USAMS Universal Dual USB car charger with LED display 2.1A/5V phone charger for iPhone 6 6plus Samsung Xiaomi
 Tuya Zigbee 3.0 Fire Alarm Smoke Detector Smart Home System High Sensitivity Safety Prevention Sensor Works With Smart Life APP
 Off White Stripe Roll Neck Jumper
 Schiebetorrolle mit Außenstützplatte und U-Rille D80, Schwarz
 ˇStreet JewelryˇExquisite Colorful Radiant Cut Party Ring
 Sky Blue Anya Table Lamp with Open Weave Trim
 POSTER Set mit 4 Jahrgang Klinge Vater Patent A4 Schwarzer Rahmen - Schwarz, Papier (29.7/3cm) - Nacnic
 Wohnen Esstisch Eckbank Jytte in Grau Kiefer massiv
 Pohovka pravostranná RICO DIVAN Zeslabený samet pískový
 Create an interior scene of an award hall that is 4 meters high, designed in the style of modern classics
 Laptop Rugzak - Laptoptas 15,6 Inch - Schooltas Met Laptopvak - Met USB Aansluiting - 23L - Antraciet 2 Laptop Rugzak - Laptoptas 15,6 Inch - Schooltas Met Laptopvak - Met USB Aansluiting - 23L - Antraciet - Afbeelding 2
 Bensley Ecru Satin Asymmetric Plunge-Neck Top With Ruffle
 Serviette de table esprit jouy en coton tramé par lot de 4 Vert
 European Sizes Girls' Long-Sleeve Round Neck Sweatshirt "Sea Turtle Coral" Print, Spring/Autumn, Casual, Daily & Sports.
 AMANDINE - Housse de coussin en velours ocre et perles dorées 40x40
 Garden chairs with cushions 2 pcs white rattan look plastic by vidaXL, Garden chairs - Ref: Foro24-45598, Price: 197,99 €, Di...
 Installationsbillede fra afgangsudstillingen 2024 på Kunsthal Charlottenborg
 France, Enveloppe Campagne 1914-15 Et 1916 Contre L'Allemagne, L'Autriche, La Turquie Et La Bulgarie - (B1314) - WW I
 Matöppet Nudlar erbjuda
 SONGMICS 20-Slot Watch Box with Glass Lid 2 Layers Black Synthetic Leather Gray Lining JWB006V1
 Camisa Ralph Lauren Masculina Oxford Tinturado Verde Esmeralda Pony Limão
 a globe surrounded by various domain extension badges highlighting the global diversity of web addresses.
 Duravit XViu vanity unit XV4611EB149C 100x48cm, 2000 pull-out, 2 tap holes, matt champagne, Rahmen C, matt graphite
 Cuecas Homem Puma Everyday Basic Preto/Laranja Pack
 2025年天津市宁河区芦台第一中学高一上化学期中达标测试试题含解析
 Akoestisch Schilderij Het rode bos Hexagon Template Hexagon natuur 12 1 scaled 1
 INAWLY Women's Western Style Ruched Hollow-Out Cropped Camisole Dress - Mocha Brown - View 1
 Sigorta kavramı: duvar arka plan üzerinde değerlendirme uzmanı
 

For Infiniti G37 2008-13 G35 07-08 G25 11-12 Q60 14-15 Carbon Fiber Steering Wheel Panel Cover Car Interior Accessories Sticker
══════════
> [What you are asked to do]: Reproduce word for word the material above, starting with the line that has "Cuecas Homem Puma" and stopping after the line that has "Sigorta kavramı: duvar".

> [Exercise answer]:
 Cuecas Homem Puma Everyday Basic Preto/Laranja Pack
 2025年天津市宁河区芦台第一中学高一上化学期中达标测试试题含解析
 Akoestisch Schilderij Het rode bos Hexagon Template Hexagon natuur 12 1 scaled 1
 INAWLY Women's Western Style Ruched Hollow-Out Cropped Camisole Dress - Mocha Brown - View 1
 Sigorta kavramı: duvar arka plan üzerinde değerlendirme uzmanı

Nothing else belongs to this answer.